After import of K values, the positioning test error is as shown in Fig. 13. The results show the positioning accuracy is improved dramatically as quantities of K value increases. However, the accuracy declines when the quantity of K values is higher than 10. In experiments, the error is smaller than 1 m when the K value is between 7, 8 and 9. In this experiment, the error is the lowest when the k value is 9, and the error range is 78.3 cm. Although there are a few errors, the screening scope can be narrowed significantly to increase infection control efficiency.

Fig. 13
figure 13

The value of positioning error under different K values

5 Discussion

Concerning IoT transmission security, there are many security protection measures whose development has reached maturity. The design usually includes four security locks, with security protection mechanisms established according to the Security Development Lifecycle, SDL, including the sensory layer, the transmission layer, the network layer, and the cloud layer. In the cloud layer, in order to prevent the susceptibility of equipment deployed during transmission to attacks, MIT has, through “elliptic curve cryptography”, developed a new chip placed on IoT products, thereby providing security encryption to protect transmissions; in the network layer, in order to prevent hackers from intercepting data from communication channels, Securolytics Company has proposed multiple-layer security strategies for IoT firewalls, including firewalls, encryption protocols, and authentication [20, 21]; in the cloud layer, in order to eradicate major data leakage, AWS provides several security features and services to strengthen privacy protection and control network access, while TLS encryption is used to transfer data among services [22]; in the application layer, the IMperva SecureSphere Web can apply the software firewall on the patient management platform, PMP to analyze all the web application traffic and prevent complex multi-faceted attacks from penetrating security protection and contact with applications and data [23]. The wireless transmission structure proposed in this study is relatively simple and structuralized compared to the IoT transmission structure. Hence, deployment under the wireless transmission structure in accordance with the above concepts should not be a cause for concern.

6 Conclusion

Residents in the aged care living residences have weaker immunity than young adults, and there are many indoor gathering places in aged care living residences. Most infectious diseases can spread more rapidly and the survival time of viruses may be extended in an indoor environment. This study presents an infection control system for the aged care living residences, which can collect the Tag signals of the residents in the aged care living residences by using RFID technology.
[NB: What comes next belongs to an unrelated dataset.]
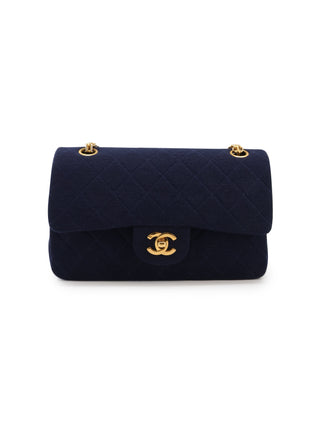 Classic Jersey Double Flap Shoulder Bag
It combines the KNN (K-Nearest Neighbor) algorithm and the location fingerprinting method to improve positioning accuracy and to accurately and timely calculate and store the indoor movement path of residents. This system can track movement time, location, the path of patients, and the distance between the patient and other residents, and the scope of infection to identify residents with a high risk of infection and to establish the database with the records. Using the positioning and screening functions of the proposed system, medical personnel can conduct more effective infection control to improve care quality of the aged care living residences.